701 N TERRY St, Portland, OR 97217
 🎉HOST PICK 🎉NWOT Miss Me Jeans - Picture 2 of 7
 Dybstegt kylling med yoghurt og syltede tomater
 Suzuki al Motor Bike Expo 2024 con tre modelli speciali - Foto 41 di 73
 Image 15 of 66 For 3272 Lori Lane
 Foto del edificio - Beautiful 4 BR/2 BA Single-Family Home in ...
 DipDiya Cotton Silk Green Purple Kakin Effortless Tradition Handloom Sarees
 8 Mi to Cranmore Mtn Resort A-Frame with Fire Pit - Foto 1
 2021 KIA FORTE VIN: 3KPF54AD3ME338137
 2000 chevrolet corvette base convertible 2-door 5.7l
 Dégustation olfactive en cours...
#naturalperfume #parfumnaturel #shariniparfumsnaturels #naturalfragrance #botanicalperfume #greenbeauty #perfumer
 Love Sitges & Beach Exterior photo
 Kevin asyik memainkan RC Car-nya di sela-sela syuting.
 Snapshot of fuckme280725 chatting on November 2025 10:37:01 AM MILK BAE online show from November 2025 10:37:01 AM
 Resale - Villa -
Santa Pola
::::
_DIRECTIONS_
The listing must be repeated in full, with nothing altered.

_TASK RESPONSE_
701 N TERRY St, Portland, OR 97217
 🎉HOST PICK 🎉NWOT Miss Me Jeans - Picture 2 of 7
 Dybstegt kylling med yoghurt og syltede tomater
 Suzuki al Motor Bike Expo 2024 con tre modelli speciali - Foto 41 di 73
 Image 15 of 66 For 3272 Lori Lane
 Foto del edificio - Beautiful 4 BR/2 BA Single-Family Home in ...
 DipDiya Cotton Silk Green Purple Kakin Effortless Tradition Handloom Sarees
 8 Mi to Cranmore Mtn Resort A-Frame with Fire Pit - Foto 1
 2021 KIA FORTE VIN: 3KPF54AD3ME338137
 2000 chevrolet corvette base convertible 2-door 5.7l
 Dégustation olfactive en cours...
#naturalperfume #parfumnaturel #shariniparfumsnaturels #naturalfragrance #botanicalperfume #greenbeauty #perfumer
 Love Sitges & Beach Exterior photo
 Kevin asyik memainkan RC Car-nya di sela-sela syuting.
 Snapshot of fuckme280725 chatting on November 2025 10:37:01 AM MILK BAE online show from November 2025 10:37:01 AM
 Resale - Villa -
Santa Pola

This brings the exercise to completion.